Direct bonding of Ni nanoparticles to a semiconductor Al electrode in air and its form

Abstract

Abstract This research group evaluated the bondability of sinter bonding using Ni nanoparticles, which have a high melting point and excellent corrosion resistance, as a new metal nanoparticle bonding material, and found that bonding is possible at bonding temperatures below 400 °C when the particle size is less than 100 nm. Furthermore it was found that Ni nanoparticles can be directly bonded to Al, which is considered difficult to bond directly with solder materials containing tin (Sn) or lead (Pb), and that high bonding strength can be obtained. In addition, the bonding strength of Ni nanoparticles to Al was higher when bonded in air than in a reduction atmosphere of N2+H2 (3%), indicating that there were differences in bonding properties depending on the bonding atmosphere. In this study, we compared the bonding properties to Al in different bonding atmospheres. In the N2+H2 (3%) reducing atmosphere, the bonding strength was not increased even when the bonding temperature was increased. On the other hand, the bonding strength was significantly increased with increasing bonding temperature over 330 °C in air. The failure mode was also rupture in the bonding layer, and good bonding was achieved at the Ni/Al bonding interface.

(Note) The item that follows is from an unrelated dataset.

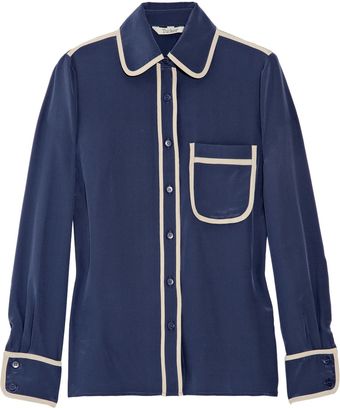  Pajama-style Silk Shirt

Observation of the bonding interface between Ni nanoparticles and Al using Transmission electron microscope (TEM) showed the presence of an interlayer of oxide film at both bonding interfaces in air and in the N2+H2 (3%) reduction atmosphere. And the oxide layer at the interface bonded in air was thicker, indicating that the structure at the interface between the Ni layer, the oxide layer and the Al layer has changed. It was suggested that the difference in oxide film formation behavior, structure, and thickness affects the bondability due to the difference in the bonding atmosphere.